(Data records)
-- Opening Marker --
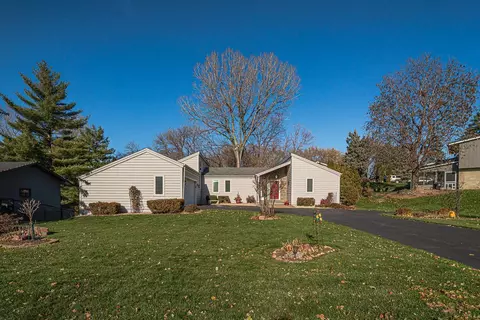 1529 Red Cedar Rd, Eagan, MN 55121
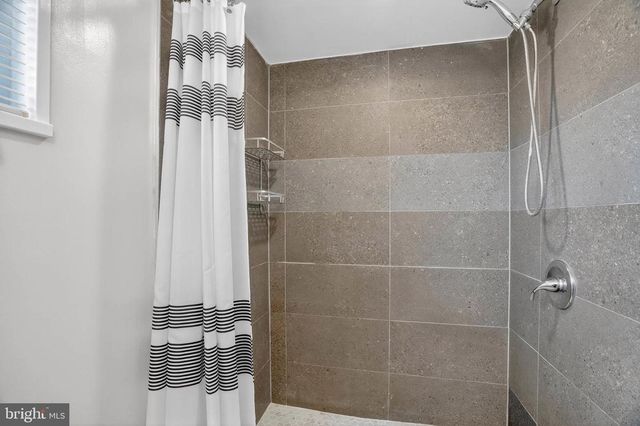 920 VANDERWOOD RD, Catonsville, MD 21228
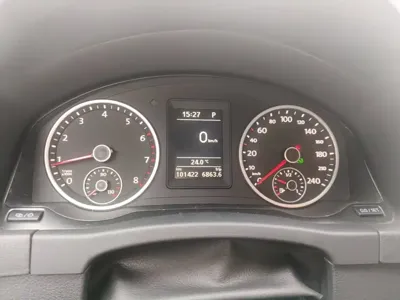 Volkswagen Tiguan 2017, 101400 км, за 6103.54 USD - фото 12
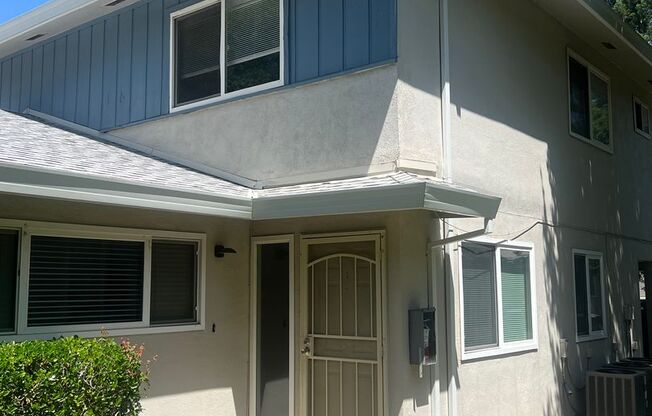 UPDATED 2 BEDROOM CONDO!!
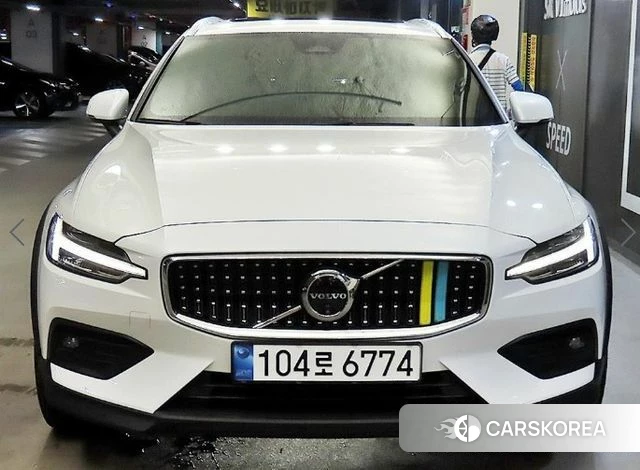 Volvo V60 Cross-Country 2nd Generation 2023 Белый из Кореи, фото 2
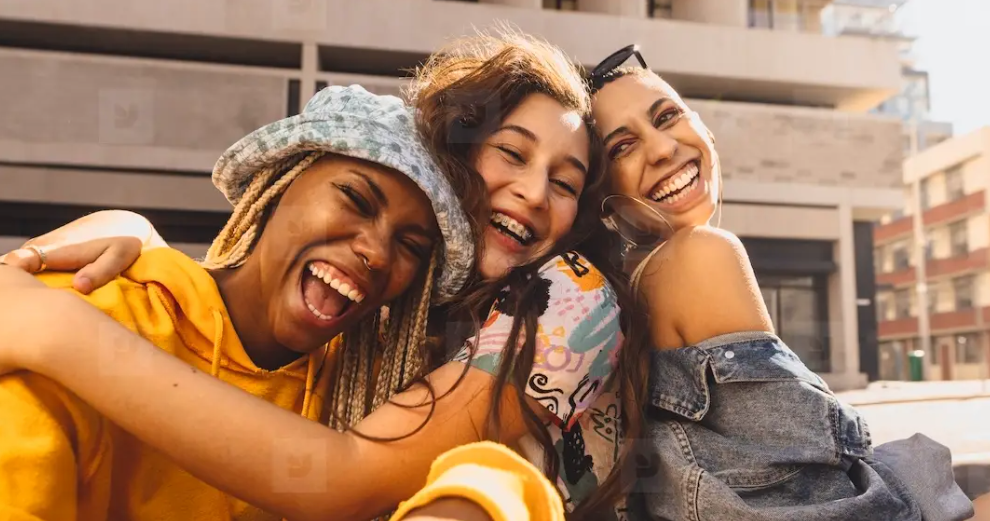 Women friends in San Francisco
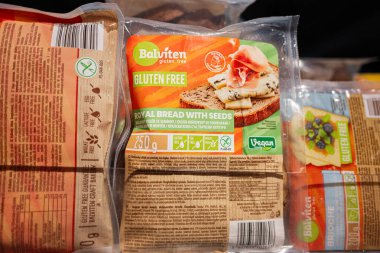 Lviv, Ukrayna - 25 Mart 2025: Balviten tarafından 250 gram paketlenmiş tohumlu glütensiz vegan kraliyet ekmeği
-- Closing Marker --
Would you please print only the lines running from the one with "Women friends in San Francisco" to the final line of the entries above, exactly as written and without pictures?

 Women friends in San Francisco
 Lviv, Ukrayna - 25 Mart 2025: Balviten tarafından 250 gram paketlenmiş tohumlu glütensiz vegan kraliyet ekmeği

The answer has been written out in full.